- **Problem statement**
The line with "Danish Mid-Century Modern" starts the range, and the last line of the listing ends it. Retype that range exactly, without pictures.

══ Data to process ══

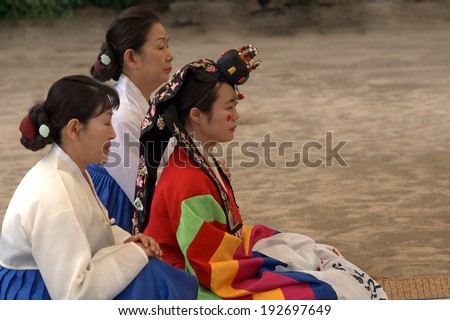 SUWON, SOUTH KOREA - MAY 12: Traditional wedding on May 12, 2014, Suwon, South Korea. Wedding in Korea is usually traditional style by Confucianism.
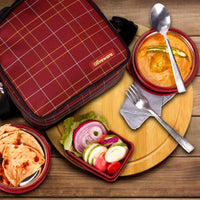 Oliveware Octavia Lunchbox, Microwave Safe, 2 Inside Steel containers (2x450ml), Plastic Pickle Box (130ml), Steel Bottle (450ml), Steel Cutlery & Napkin, Fabric Bag - Red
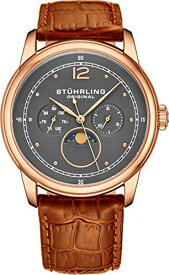 腕時計 ストゥーリングオリジナル メンズ Stuhrling Original Mens MoonPhase Dress Watch - Stainless Steel Case and Brown Leather Band - Grey Analog Dial with Day of The Week and Date Celestia Mens Watches Collectio腕時計 ストゥーリングオリジナル メンズ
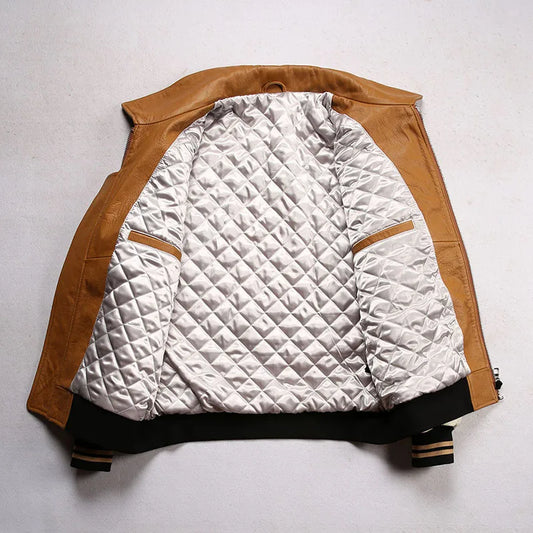 Genuine Leather Coats Letterman Style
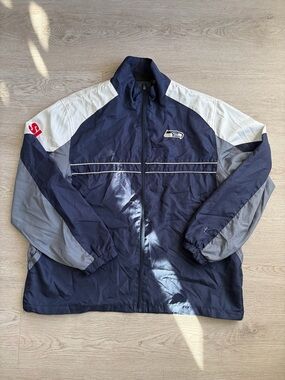 Sports illustrated Seattle Seahawks Navy, Gray & White Windbreaker Jacket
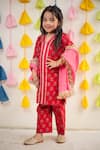 Buy_Tiny Colour Clothing_Red Kurta Chanderi Block Print Floral Hand Set _at_Aza_Fashions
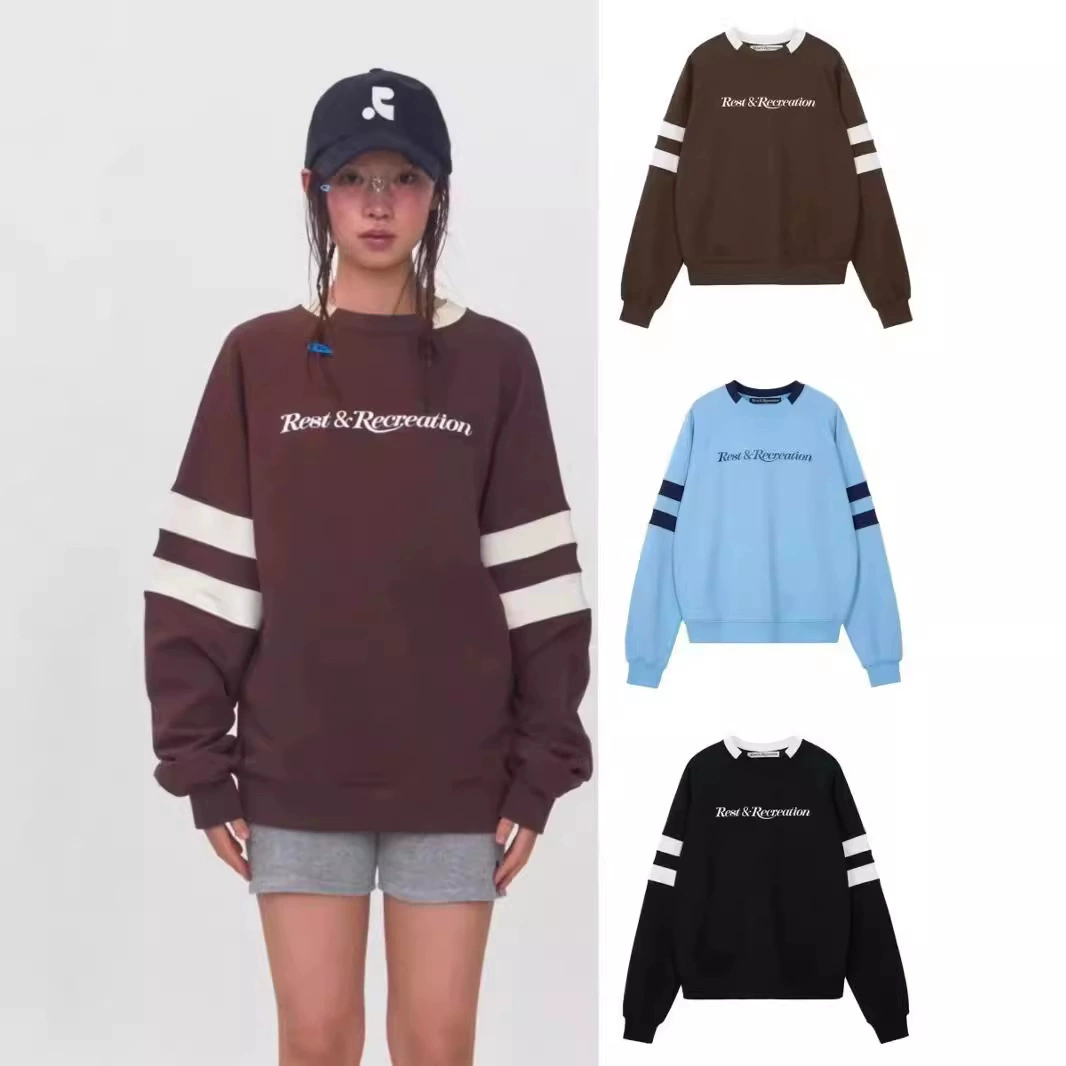 Корейский RR Color свитера restandrecreation Перекрестный рукав с двойным бланком с принтом с длинным рукавом свитера для мужчин и женщин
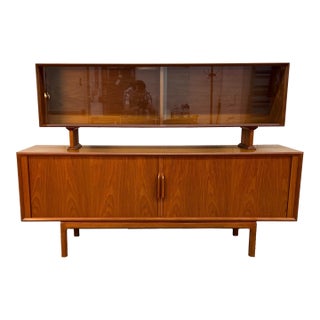 Danish Mid-Century Modern Teak Server W/ Glass Top Hutch For Sale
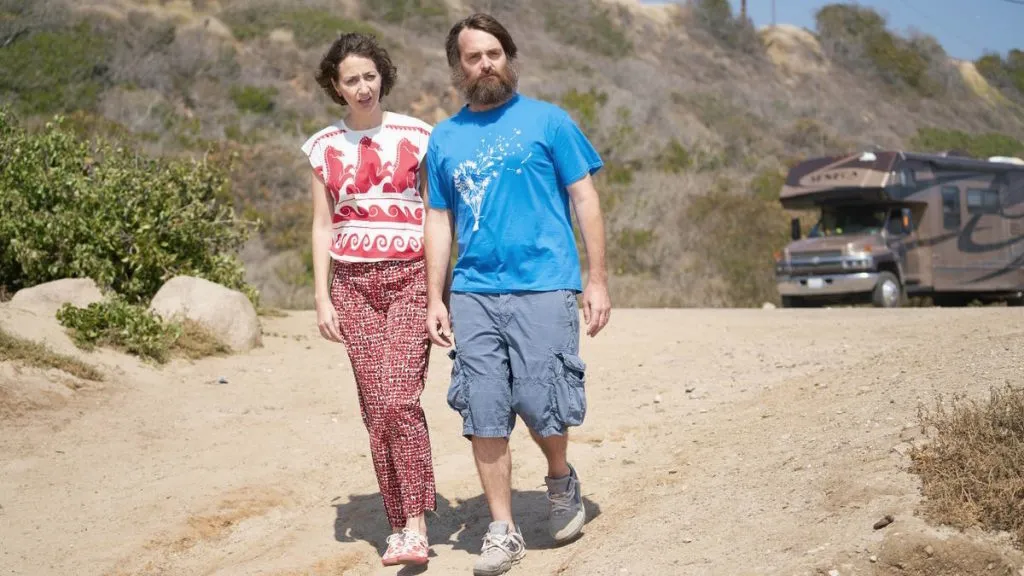 A still image from the dystopian comedy, The Last Man on Earth.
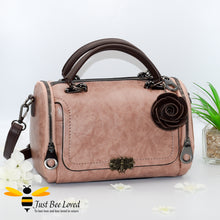 Load image into Gallery viewer, Dusky pink faux leather boston bee bag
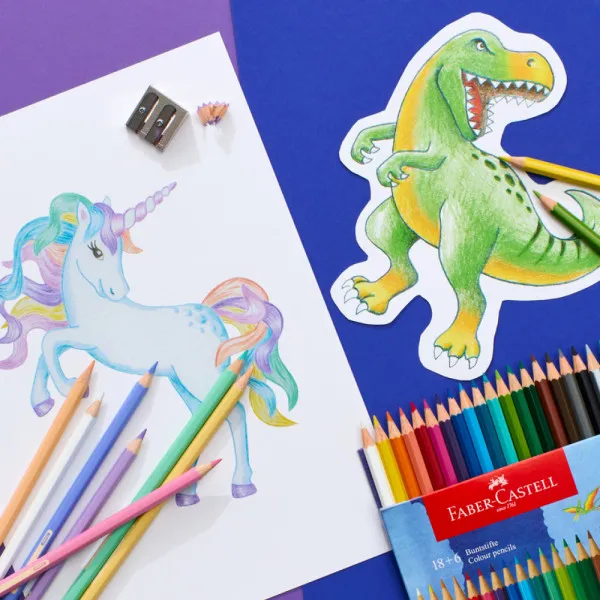 Drvene Bojice Faber Castell Dino Klasik 1/10 +3 met+3 neon + stikeri 111213 Slika 2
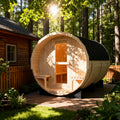 Pure White Pine Barrel Sauna Room US Warehouse Outdoor Sauna Rooms for Spa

═══

- **Result**
 Danish Mid-Century Modern Teak Server W/ Glass Top Hutch For Sale
 A still image from the dystopian comedy, The Last Man on Earth.
 Load image into Gallery viewer, Dusky pink faux leather boston bee bag
 Drvene Bojice Faber Castell Dino Klasik 1/10 +3 met+3 neon + stikeri 111213 Slika 2
 Pure White Pine Barrel Sauna Room US Warehouse Outdoor Sauna Rooms for Spa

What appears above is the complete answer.